Si me das a elegir, me quedo en mi rincón. Sin aglomeraciones, sin ruido; solo en mi cabeza. Pero sé que esta tendencia es peligrosa: acostumbrase a la soledad y al silencio convierte la ciudad en un lugar insoportable, lo cual dificulta, por ejemplo, disfrutar de la amistad en una terraza cuando apetece. Por eso es bueno mantener equilibrada la balanza: calle y cueva a partes iguales, aunque cueste.

La semana pasada, en busca de ese equilibrio, la actividad social que incluí en mi tiempo libre fue el estreno de la película Joker. En un arrebato de optimismo, sin reparar en lo que suponía una primera proyección, compré las entradas por internet. Y no tardé en descubrir que me iba a salir cara mi ingenuidad.

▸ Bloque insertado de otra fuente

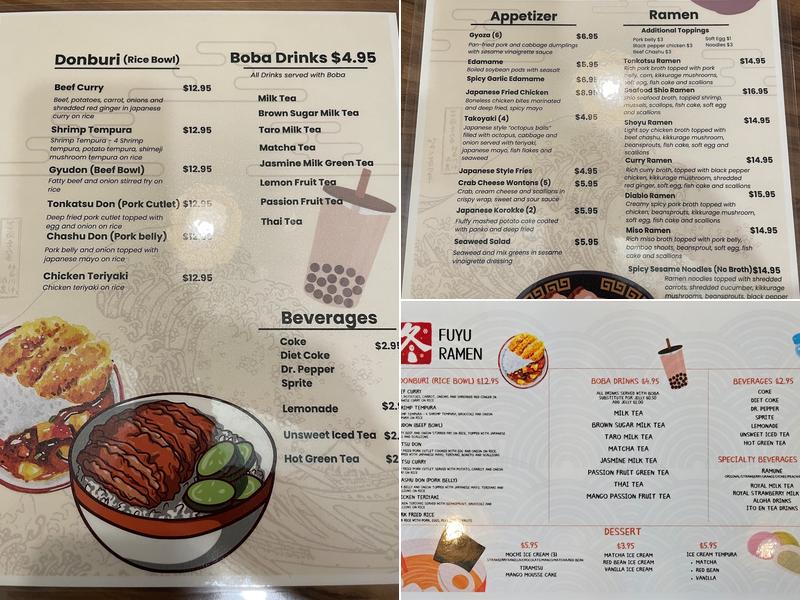 Fuyu Ramen Menu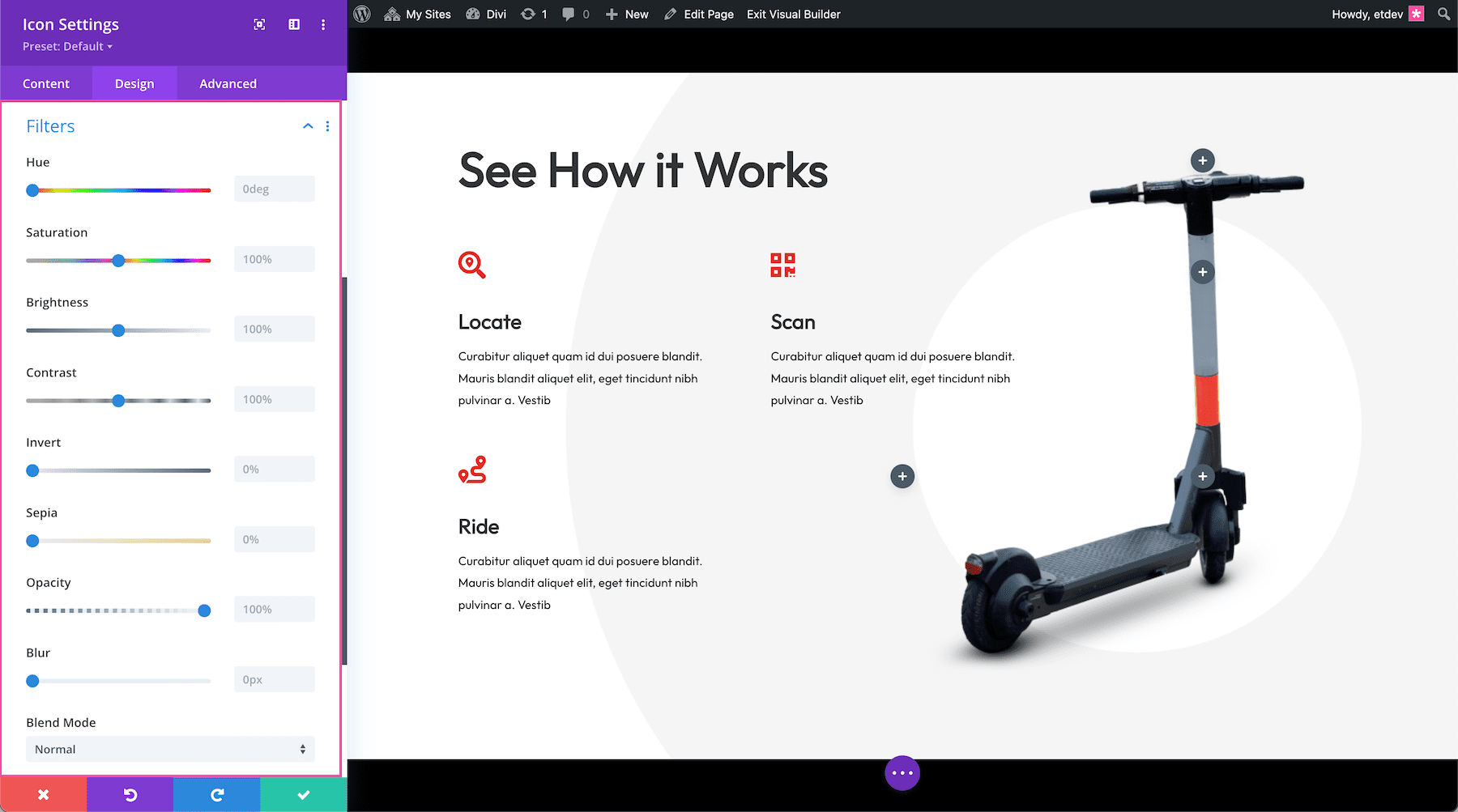 divi icon module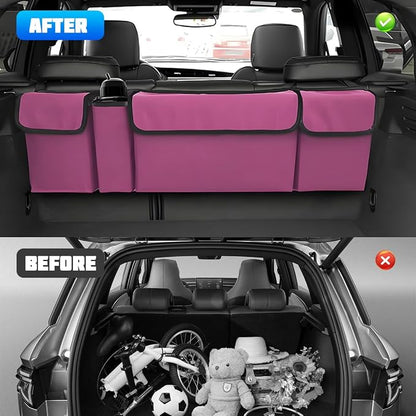 Car Trunk Organizer with Lid, Large Waterproof Vehicle Backseat Hanging Storage Bag with 4 Pockets & Adjustable Straps, Collapsible Automotive Interior Cargo Bag, Universal Fit (Purple)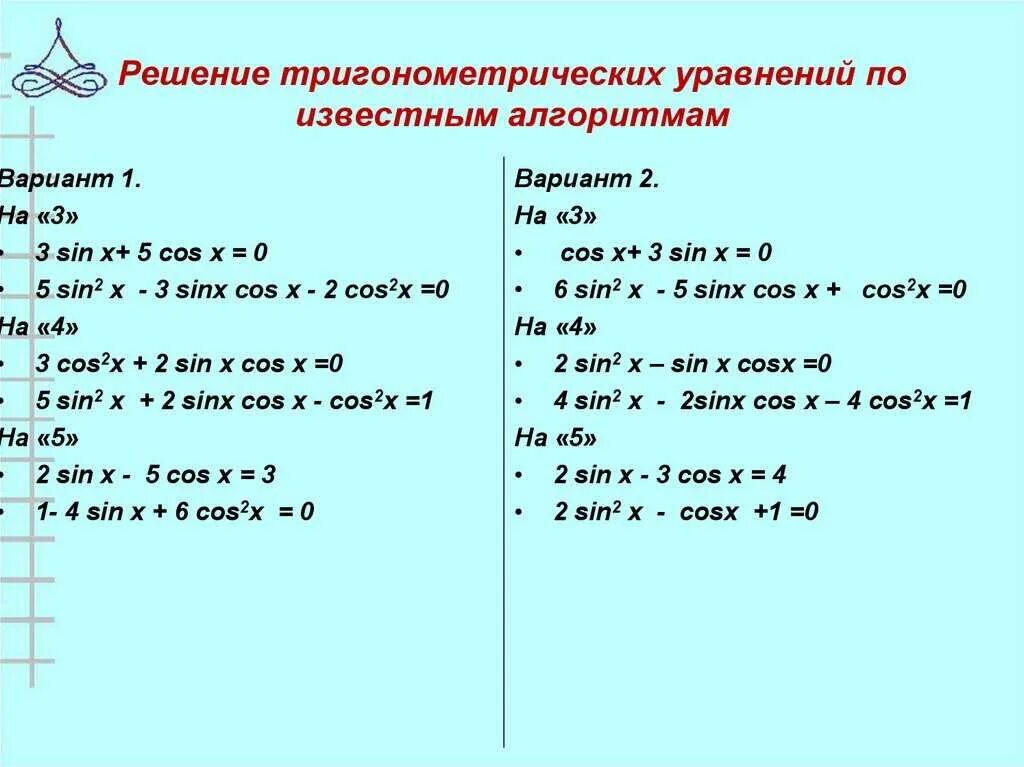 Решить уравнение 1 3 2cos x. Решить уравнение sin^2( 2x) + cos^2(5x)=0. Решение тригонометрических уравнений. Тригонометрические уравнения cosx=0, 1, -1. Формулы решения элементарных тригонометрических уравнений.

Antes de entrar en la sala ya hubo algo que me hizo sospechar: había gente con nariz de payaso por todas partes. «¡Cielo santo, mira eso!», le dije a B., que levantó las cejas sorprendida. Aquellos adultos —porque no eran niños ni adolescentes— no estaban dispuestos a pasar desapercibidos, y eso podía generar problemas. Ante aquel panorama, consideramos oportuno recurrir a un lingotazo previo.

Empezaron los anuncios y, sin demora, comenzó el horror. Durante el tráiler de una película de acción, de golpe, los narices coloradas gritaron y aplaudieron como posesos. «¿Qué ha pasado?», pregunté. «Un primer plano de Arnold Schwarzenegger», me respondió B. «Joder, no ha salido el payaso y ya he sufrido la primera taquicardia», susurré, y crucé los dedos por instinto de supervivencia.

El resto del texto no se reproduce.